Hamdi Mokhtar, chairman of ASEAN Rice Bowl Startup Awards and myNEF adds, “To those who wonder why Rice Bowl Awards are called as such, it is because ‘rice’ is a staple diet in Asian countries. Not only that, it is also a symbol of wealth and resources throughout the region, making the rice bowl an enduring symbol of livelihood and sustenance. Startups have always been that rice bowl that sustains and grows the Southeast Asian economy, and we believe they will continue to provide for ASEAN for generations to come. We honor and celebrate these startups for their innovation and entrepreneurial spirit especially for their courage, determination, hard work and perseverance that helps power the region’s economy and wealth.”
More than 3,000 nomination were received this year from across Southeast Asia, a 60% increase from the previous year. The startups come from diverse industries and backgrounds but are united in their hunger and drive to succeed.  “These are the risk-takers who inspire and thrive in the startup community with their hard work,” adds Hamdi.
Among the notable winners from Malaysia in previous years who are making waves today are Carsome, Dropee, JomParking, and iflix.
Description: Mohd Redzuan Yusof, Ministry of Entrepreneur Development and Wan Suraya at Malaysia Rice Bowl Startup Awards 2019.Mohd Redzuan Yusof, Ministry of Entrepreneur Development and Wan Suraya at Malaysia Rice Bowl Startup Awards 2019.

Following are the categories for Malaysia Rice Bowl Startup Awards 2019:
  1. Best E-commerce & Supply Chain Startup
  2. Best Life Helper
  3. Best Foodtech/Agritech Startup
  4. Best IoT Startup
  5. Best AI & Machine Learning Startup
  6. Best Fintech Startup
  7. Best Accelerator or Incubator Program
  8. Best Coworking Space
  9. Investor of The Year
  10. People’s Choice
  11. Best Newcomer
  12. Founder of The Year
  13. Startup of The year
The top 3 categories with the most number of nominations in Malaysia are Best Life Helper, Best e-commerce & Supply Chain and Best Newcomer.
Nominations were open to all companies established no more than 5 years in an ASEAN country with the nomination period between 27 May 2019 to 9 August 2019. This was followed by a round of judging by panels of industry-experts. The winners of each country will be announced in multiple national events in October and November 2019.
Malaysia is the first country to announce its Rice Bowl Winners for 2019 and each category Winner for will receive a PR Strategy Advisory Services from Suppagood PR worth RM15,000 each.
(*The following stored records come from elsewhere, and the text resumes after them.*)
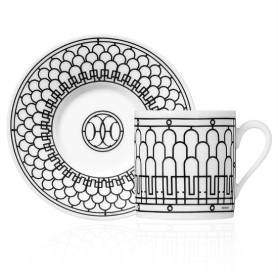 6 tazze caffè con piatto
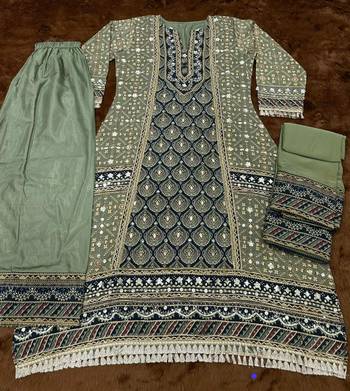 Pastel green crepe silk digital print suits full stitched free size upto 44 3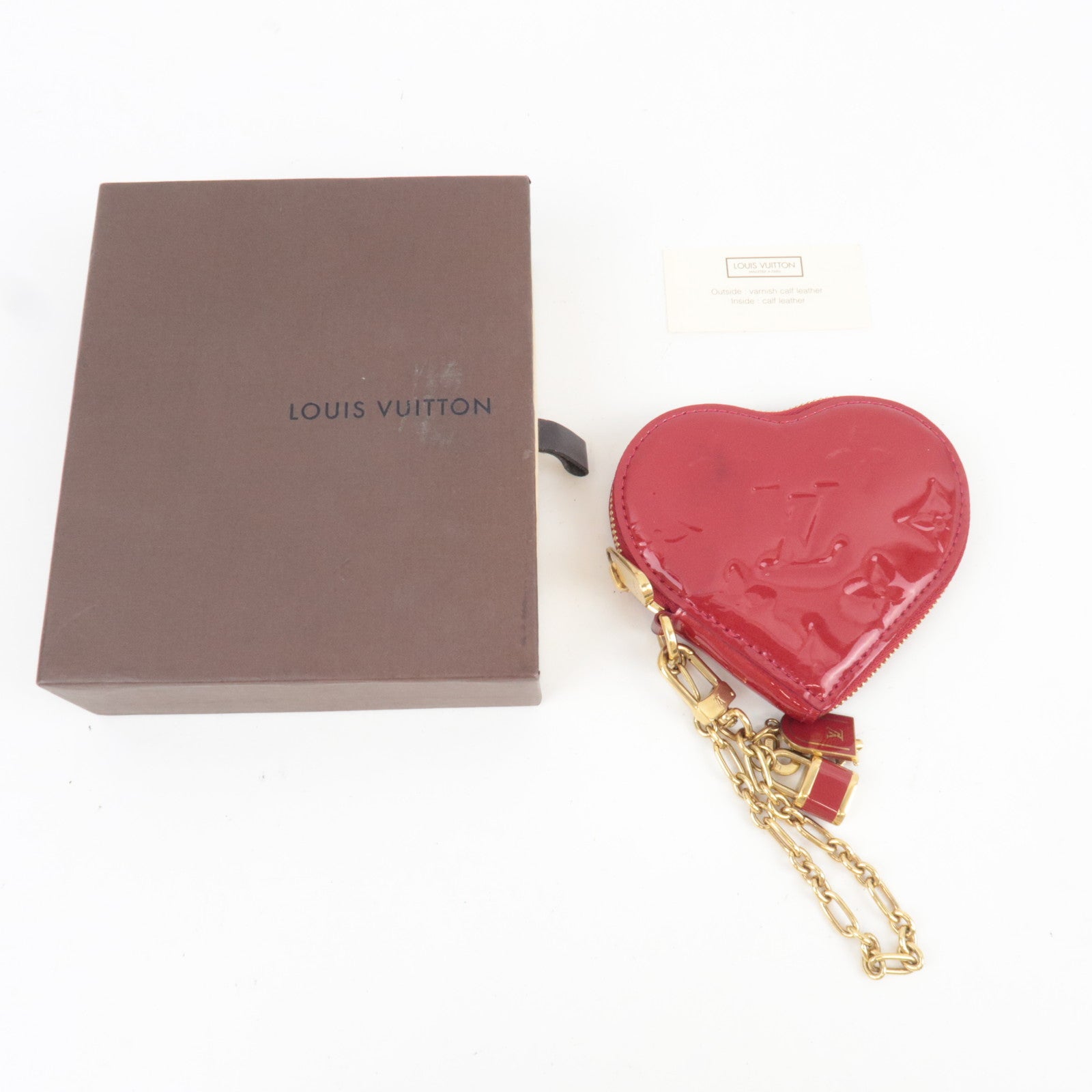 Louis Vuitton Monogram Vernis Porte Monnaie Coeur Coin Case Pomme D'Amour M91919 TH4097 *Box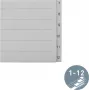LEITZ Separadores Manila, numéricos 1-12, A4 extra ancho, gris, 12 partes, 100 g/m², perforación de 80 mm, agujeros reforzados 1233-00-85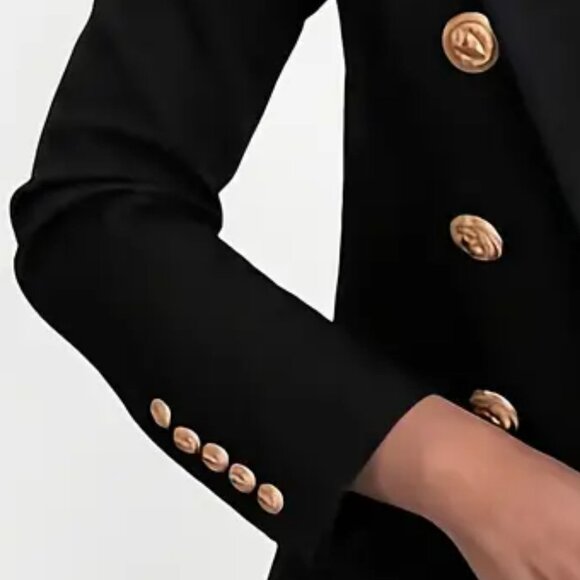 Black Blazer Jacket With Gold Buttons - Picture 2 of 3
All National Winners will get to participate in the regional finale, a cross-regional program designed for entrepreneurs. At the finale, winners will be able to meet and leverage the vast ASEAN startup community network to strike regional, vertical, or cross-commercial partnerships to accelerate their market expansion.
This year the regional grand finale of the awards will be held in Kuala Lumpur in January 2020 in Kuala Lumpur.